Surgissant du bar comme un tracteur à moitié ivre, un agriculteur entraîna sa femme par la main. Rond comme une barrique, il dressait sa tête rouge aiguisée par le vin et par le vent. Son double menton écarlate s'enfonçait dans un cou très large qui faisait éclater la chemisette blanche d'oùjaillis-saient les bras rosés, tels deux fabuleux jambons. La chemise s'enfonçait dans un pantalon du dimanche dilaté par les fesses et retenu par des bretelles. L'épouse suivait ses mouvements sans afficher d'expression. Pantalon blanc et corsage entrouvert, elle avait une tête carrée de forçat sous sa chevelure grisonnante. Le mari adressait des signes aux paysans disposés autour de la piste. Puis ses grosses jambes, étonnamment assurées malgré l'ivresse, redoublaient le pas et entraînaient sa prisonnière au cœur de la danse: «Au bal masqué, ohé ohé…»

Les deux pêcheurs

David se dirigea vers la sortie du village. Sur le parking, quelques loubs en jogging fumaient des cigarettes, canette de bière à la main. Trois chasseurs en treillis – le plus grand portait des lunettes noires – sortaient de leur 4x4 pour rejoindre le bal champêtre.

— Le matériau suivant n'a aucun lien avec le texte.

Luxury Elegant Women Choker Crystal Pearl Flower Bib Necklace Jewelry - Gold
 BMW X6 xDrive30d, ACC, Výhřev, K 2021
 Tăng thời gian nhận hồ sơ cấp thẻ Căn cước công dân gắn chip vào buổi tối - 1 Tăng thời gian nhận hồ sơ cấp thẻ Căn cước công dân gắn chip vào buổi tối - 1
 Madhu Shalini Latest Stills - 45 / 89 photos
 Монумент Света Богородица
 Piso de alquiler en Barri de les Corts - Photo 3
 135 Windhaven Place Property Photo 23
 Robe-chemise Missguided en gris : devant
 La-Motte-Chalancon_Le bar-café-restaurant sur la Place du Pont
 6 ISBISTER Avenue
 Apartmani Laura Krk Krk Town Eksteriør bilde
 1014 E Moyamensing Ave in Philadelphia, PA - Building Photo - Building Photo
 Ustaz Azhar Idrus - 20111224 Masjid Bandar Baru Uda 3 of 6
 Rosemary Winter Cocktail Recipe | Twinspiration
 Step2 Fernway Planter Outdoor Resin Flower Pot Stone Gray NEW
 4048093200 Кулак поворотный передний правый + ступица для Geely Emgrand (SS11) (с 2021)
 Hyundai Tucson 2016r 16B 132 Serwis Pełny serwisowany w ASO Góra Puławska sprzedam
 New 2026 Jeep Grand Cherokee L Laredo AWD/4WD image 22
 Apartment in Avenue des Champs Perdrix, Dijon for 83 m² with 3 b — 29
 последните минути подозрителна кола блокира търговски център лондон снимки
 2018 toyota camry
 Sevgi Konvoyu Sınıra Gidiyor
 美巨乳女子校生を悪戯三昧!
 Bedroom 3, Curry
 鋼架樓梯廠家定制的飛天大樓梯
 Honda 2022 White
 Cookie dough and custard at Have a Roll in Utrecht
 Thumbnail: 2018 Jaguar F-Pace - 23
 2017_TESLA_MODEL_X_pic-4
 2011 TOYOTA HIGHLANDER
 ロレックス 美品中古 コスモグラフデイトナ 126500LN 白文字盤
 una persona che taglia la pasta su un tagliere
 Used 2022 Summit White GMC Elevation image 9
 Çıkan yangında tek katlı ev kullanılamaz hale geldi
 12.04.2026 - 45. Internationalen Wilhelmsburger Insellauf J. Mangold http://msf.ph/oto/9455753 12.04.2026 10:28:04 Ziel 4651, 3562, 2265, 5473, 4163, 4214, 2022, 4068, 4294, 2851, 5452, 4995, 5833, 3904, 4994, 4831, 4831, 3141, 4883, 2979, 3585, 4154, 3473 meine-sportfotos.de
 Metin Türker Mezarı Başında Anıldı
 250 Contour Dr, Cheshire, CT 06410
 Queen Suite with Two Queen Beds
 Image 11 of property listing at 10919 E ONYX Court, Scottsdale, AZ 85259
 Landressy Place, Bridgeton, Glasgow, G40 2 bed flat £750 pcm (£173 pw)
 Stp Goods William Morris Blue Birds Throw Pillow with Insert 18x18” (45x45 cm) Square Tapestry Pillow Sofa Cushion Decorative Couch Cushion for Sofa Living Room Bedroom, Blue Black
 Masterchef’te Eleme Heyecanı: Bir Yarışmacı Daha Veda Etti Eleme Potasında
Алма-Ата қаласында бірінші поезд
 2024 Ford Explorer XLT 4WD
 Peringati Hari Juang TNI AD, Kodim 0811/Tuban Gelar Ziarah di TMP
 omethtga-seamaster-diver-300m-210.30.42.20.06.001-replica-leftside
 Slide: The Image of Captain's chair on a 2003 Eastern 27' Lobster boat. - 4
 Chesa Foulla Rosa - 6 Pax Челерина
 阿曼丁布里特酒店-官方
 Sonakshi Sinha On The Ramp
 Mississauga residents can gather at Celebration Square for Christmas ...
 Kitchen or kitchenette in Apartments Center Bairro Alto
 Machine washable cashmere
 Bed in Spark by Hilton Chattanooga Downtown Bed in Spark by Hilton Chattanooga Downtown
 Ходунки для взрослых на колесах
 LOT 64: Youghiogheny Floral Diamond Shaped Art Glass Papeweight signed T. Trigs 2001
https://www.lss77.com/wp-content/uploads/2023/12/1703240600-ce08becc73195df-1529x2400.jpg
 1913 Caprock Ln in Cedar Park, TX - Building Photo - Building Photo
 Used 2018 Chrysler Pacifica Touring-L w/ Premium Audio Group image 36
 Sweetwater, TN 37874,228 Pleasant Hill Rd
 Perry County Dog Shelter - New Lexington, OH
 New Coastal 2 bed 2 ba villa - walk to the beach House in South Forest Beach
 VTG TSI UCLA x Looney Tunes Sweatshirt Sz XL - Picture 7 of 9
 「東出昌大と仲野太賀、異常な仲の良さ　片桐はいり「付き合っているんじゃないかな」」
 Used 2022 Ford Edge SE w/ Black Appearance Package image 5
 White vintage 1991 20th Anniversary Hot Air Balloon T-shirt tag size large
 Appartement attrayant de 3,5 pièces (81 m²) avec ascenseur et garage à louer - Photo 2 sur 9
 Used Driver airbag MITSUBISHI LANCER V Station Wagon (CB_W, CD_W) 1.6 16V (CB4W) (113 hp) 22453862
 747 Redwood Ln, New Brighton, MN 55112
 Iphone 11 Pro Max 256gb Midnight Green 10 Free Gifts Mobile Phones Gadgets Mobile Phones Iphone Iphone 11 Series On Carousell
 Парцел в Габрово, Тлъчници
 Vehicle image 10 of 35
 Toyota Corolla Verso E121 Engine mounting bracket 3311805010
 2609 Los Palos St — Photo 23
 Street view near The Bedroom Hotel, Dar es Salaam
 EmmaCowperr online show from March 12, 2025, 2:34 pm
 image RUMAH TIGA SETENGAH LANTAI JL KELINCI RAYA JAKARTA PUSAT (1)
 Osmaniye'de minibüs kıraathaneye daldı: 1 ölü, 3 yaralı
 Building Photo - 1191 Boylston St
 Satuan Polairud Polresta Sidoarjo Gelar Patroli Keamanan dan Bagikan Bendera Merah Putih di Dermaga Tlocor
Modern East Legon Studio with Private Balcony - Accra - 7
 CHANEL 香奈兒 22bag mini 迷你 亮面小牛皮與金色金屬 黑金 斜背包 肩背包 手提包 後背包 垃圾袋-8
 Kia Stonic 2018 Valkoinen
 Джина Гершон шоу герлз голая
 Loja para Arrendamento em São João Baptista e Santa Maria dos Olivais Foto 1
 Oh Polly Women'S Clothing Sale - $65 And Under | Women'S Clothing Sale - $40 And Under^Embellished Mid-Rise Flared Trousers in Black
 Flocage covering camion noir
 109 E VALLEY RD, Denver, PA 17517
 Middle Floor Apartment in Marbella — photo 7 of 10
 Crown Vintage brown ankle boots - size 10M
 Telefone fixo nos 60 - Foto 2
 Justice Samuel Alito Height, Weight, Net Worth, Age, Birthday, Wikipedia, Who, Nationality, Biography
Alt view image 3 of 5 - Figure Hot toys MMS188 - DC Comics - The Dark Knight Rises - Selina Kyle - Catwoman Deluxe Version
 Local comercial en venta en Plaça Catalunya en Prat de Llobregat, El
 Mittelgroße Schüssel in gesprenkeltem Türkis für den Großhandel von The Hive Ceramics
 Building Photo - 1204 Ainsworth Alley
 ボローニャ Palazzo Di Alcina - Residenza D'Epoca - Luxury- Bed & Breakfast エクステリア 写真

Dix minutes plus tard, l'Américain arrivait près de la falaise où s'étendaient des champs labourés, sauf un carré de betteraves émergeant encore de la terre humide. Au loin, la mer rougissait sous le soleil déclinant. Sur les pâturages, quelques vaches regardaient le spectacle du crépuscule en s'efforçant de comprendre ce qui se passait. Etait-ce la première fois? Elles ne se souvenaient pas précisément des jours précédents. Elles ignoraient également que les services vétérinaires de la préfecture envisageaient de procéder à leur abattage massif pour soutenir les cours. Impropres à la consommation, elles allaient prochainement servir de combustible dans une cimenterie.

David prit un chemin au milieu des champs. Dans la brume légère, un ancien blockhaus couvert de verdure se dressait au bord d'une mare. Près de l'eau, deux silhouettes assises sur des chaises pliantes tenaient des cannes à pêche. Deux petits vieux, engoncés dans leurs pardessus de toile, qui avaient préféré cette occupation à la fête villageoise. Un chien-loup était allongé près d'eux. L'un des hommes portait une casquette, l'autre un képi, et ce détail intrigua David qui continuait à marcher. Le jour déclinait dans un silence troublé seulement par le rebondissement lointain de la sono.

David avança encore. Le berger allemand aboya mollement, sans bouger. Plus l'Américain s'approchait, plus les deux personnages lui semblaient bizarres, comme des épouvantails à moineaux. Parfois, l'homme au képi vert – qui était le plus grand – se tournait vers l'autre pour prononcer quelques mots. Puis il agitait doucement sa canne à pêche et le flotteur faisait quelques ronds sur l'eau, À son tour, l'homme à la casquette grommelait quelque chose à l'oreille de l'autre. David s'approchait doucement, pour ne pas les déranger. Des goélands passaient en criant. Après être partis ce matin vers le sud, ils revenaient vers le nord, à la recherche d'une autre décharge.